Monday, December 8, 2008

Chapter Four Analysis

In this section, the author returns to an issue she originally shied away from in Chapter One: Factual Historical Examples of Prominent Female Writers. Woolf wants to illuminate the leaps the authors she discusses have made, that couldn’t have been achieved by the previous generation. According to the author, the works by the 17th century novelist, playwright, and poet, Aphra Behn (picture to the right), paved the way for future women writers and creative minds. She was independent, and her perseverance, talent, and freedom of thought was (and still is) truly an inspiration.

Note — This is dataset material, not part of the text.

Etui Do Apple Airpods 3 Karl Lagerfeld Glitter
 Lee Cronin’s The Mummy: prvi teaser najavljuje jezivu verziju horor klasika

It was this freedom of thought that made Jane Austen (pictured below) so interesting and influential. Like other women of her time, Austen was limited to life experience; but experience is only helpful if one is writing about a subject outside his or her situation in life.

As repeated throughout the essay, women must ignore men and write freely. The proclamation that women value things differently than men, and therefore have a unique way of writing in order to be true to themselves – a woman’s sentence – is, to me, one of Woolf’s most stimulating assertions. She applauds Jane Austen, who had


“Devised a perfectly natural, shapely sentence proper for her own use and never departed from it.”


Woolf herself has stylistically created sharp, graceful, and cohesive works, and like Austen, found her own natural, shapely sentence.